[INFORMATION PROVIDED]:

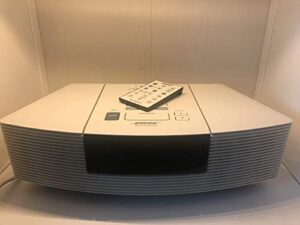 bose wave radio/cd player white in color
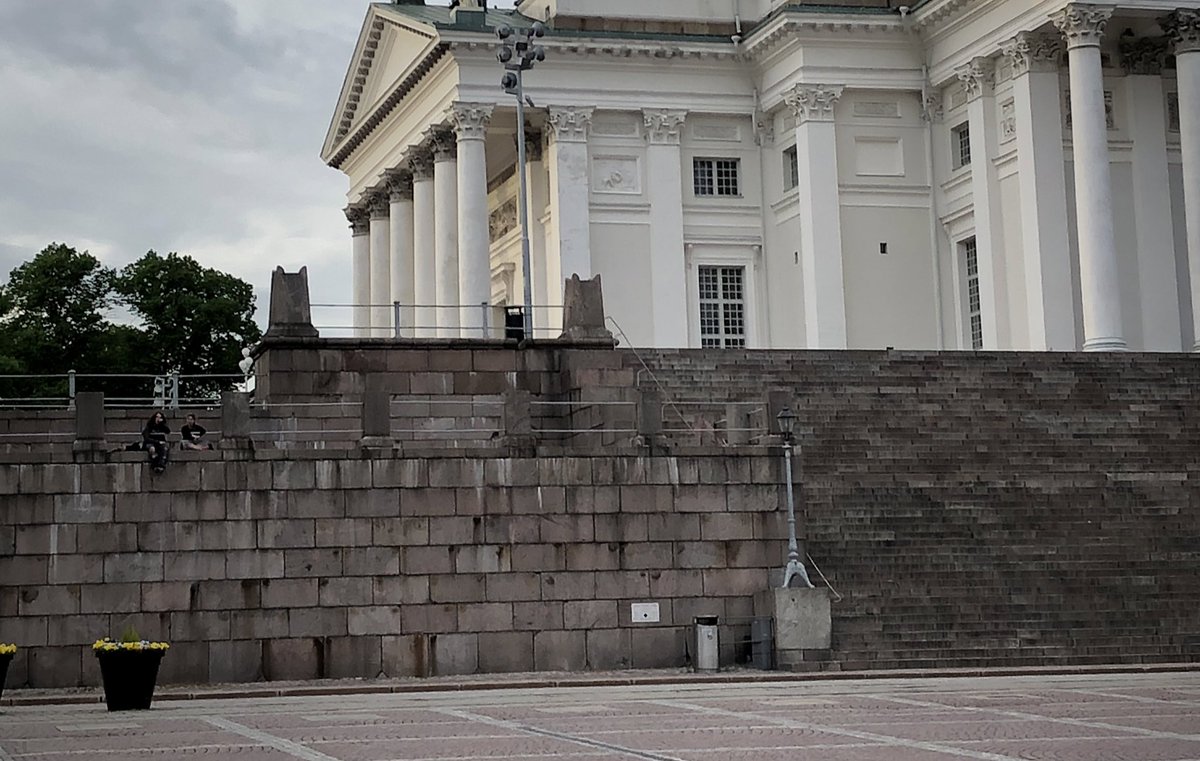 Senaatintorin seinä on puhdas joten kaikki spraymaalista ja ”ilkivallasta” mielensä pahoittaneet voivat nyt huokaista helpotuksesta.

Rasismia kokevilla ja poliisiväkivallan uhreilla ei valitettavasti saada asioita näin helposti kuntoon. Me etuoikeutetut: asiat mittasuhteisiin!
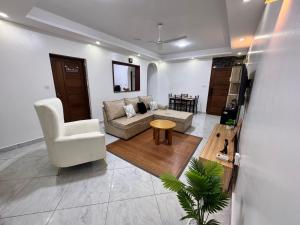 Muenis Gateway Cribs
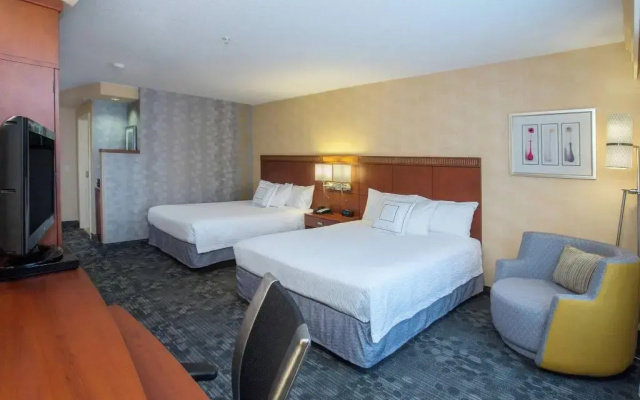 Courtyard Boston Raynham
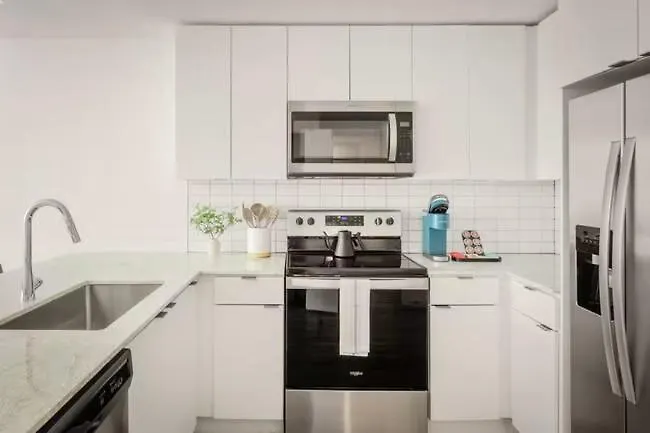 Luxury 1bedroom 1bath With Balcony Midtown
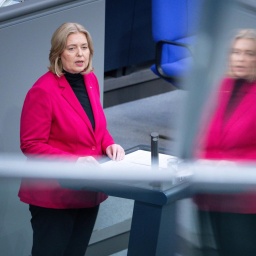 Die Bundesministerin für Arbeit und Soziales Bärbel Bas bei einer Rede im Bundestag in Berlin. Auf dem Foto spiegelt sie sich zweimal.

[AIM OF THE TASK]: Beginning at the line that contains "Luxury 1bedroom 1bath With Balcony Midtown", transcribe it and every later line through the last line of the data above, exactly, and drop the pictures.

[RESPONSE BOX]:
 Luxury 1bedroom 1bath With Balcony Midtown
 Die Bundesministerin für Arbeit und Soziales Bärbel Bas bei einer Rede im Bundestag in Berlin. Auf dem Foto spiegelt sie sich zweimal.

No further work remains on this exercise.